(Captioned web image data)
━━━
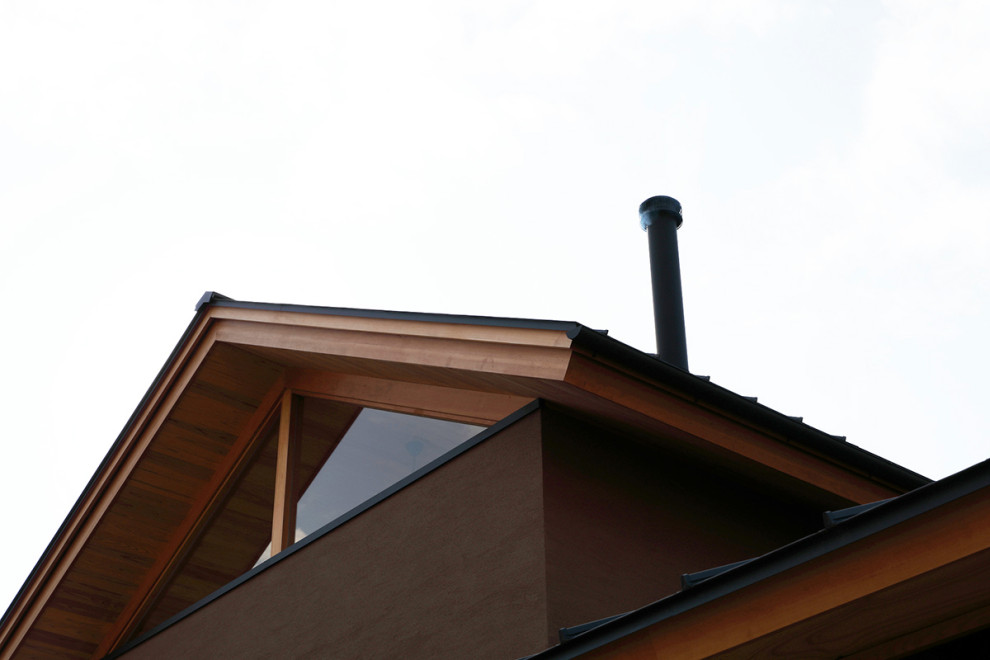 Cette image montre une grande façade de maison marron asiatique en bois et planches et couvre-joints à un étage avec un toit à deux pans, un toit en métal et un toit noir.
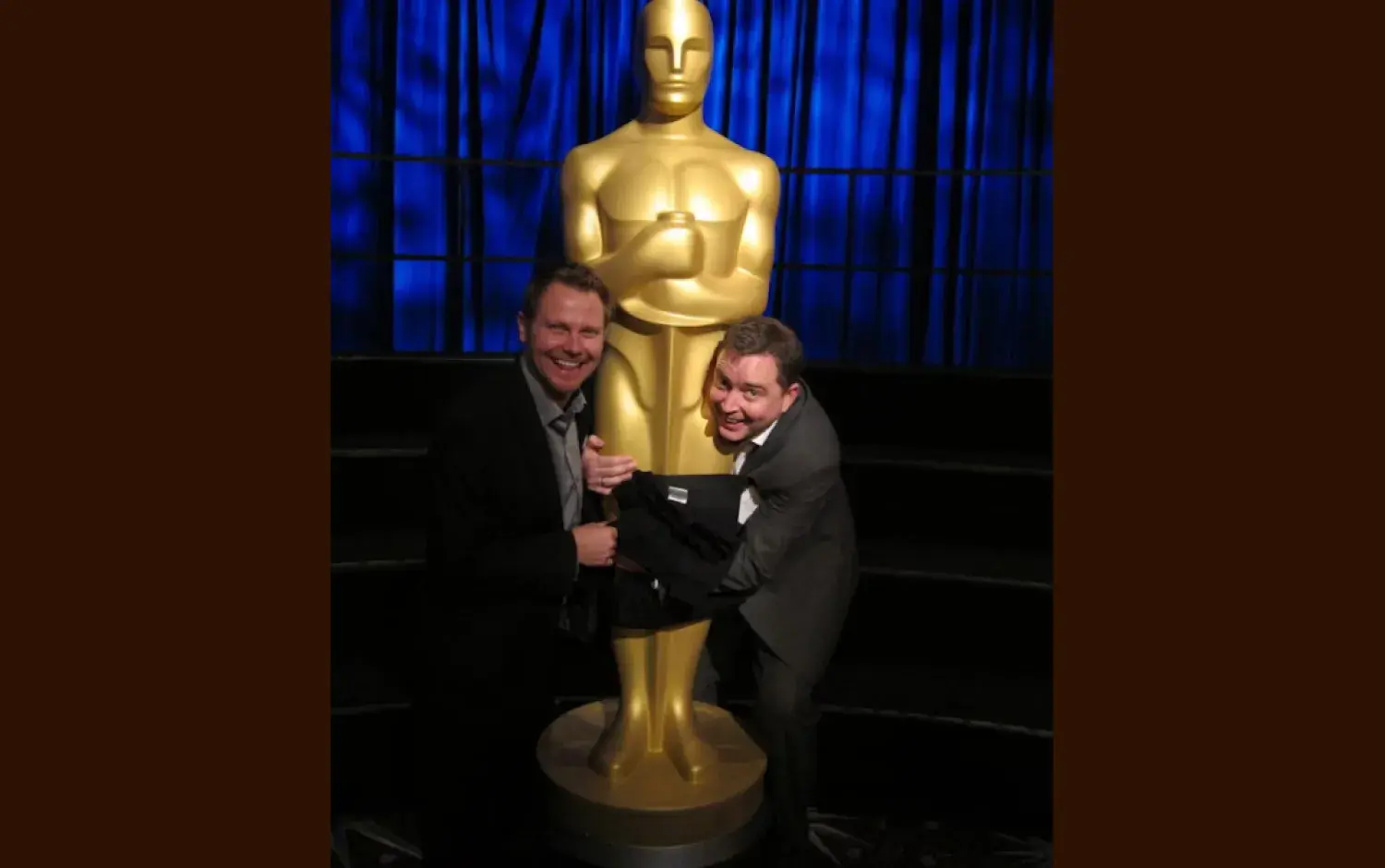 Two people in formal suits playfully posing with a large golden Oscar statue on a stage.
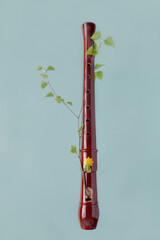 wooden block flute wrapped with a branch with leaves on a blue background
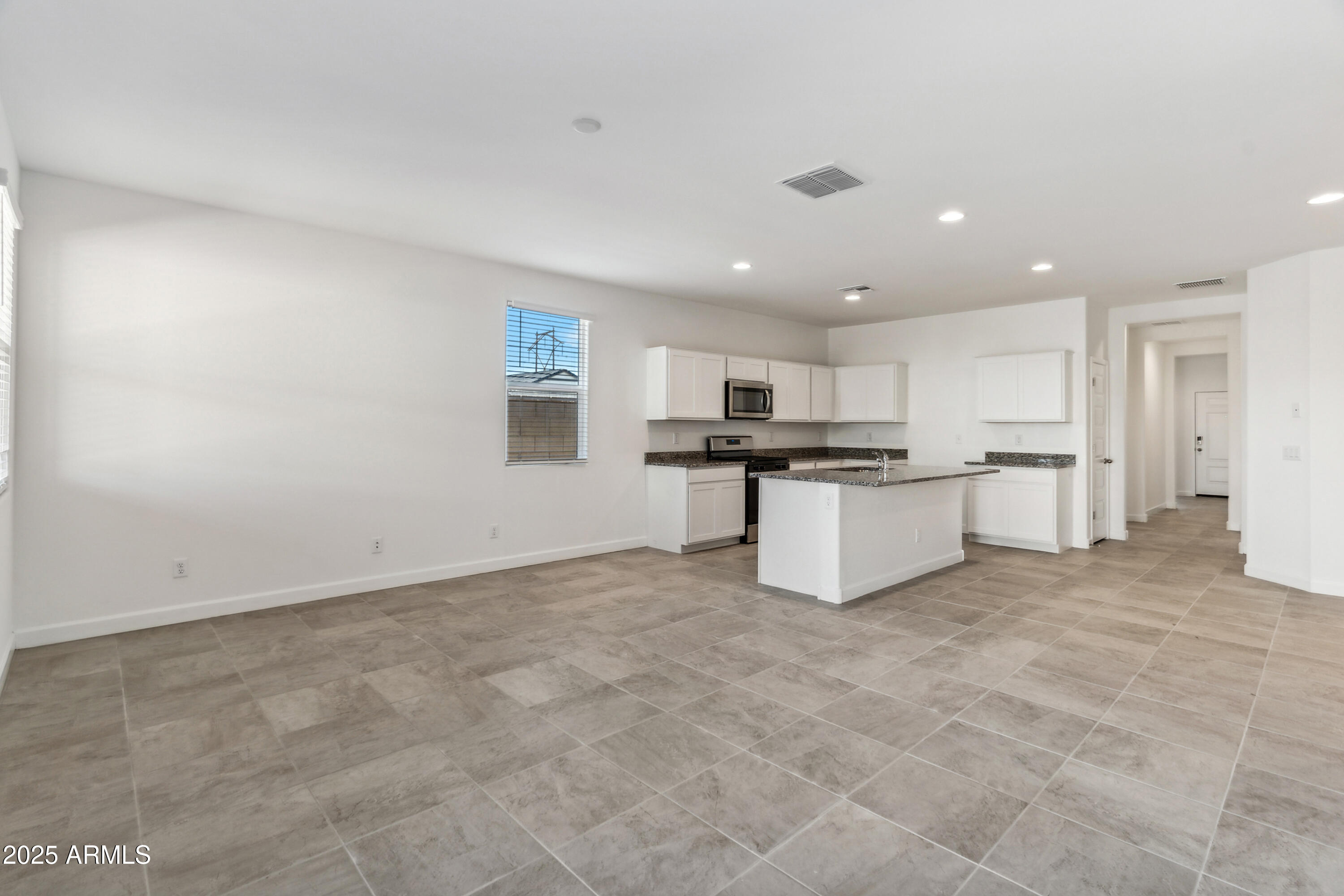 40030 West Agave Road Maricopa, AZ 85138 - Photo 1 of 18 Dove dining room and kitchen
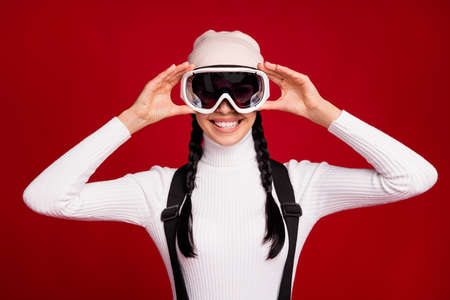 Photo of young happy positive smiling girl wear goggles celebrate new year in resort isolated on red...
━━━
— EXERCISE DIRECTIONS —
Leave out the pictures, and please output only the lines from the line that contains "wooden block flute" through the end of the data, both ends included.

— EXERCISE RESPONSE —
 wooden block flute wrapped with a branch with leaves on a blue background
 40030 West Agave Road Maricopa, AZ 85138 - Photo 1 of 18 Dove dining room and kitchen
 Photo of young happy positive smiling girl wear goggles celebrate new year in resort isolated on red...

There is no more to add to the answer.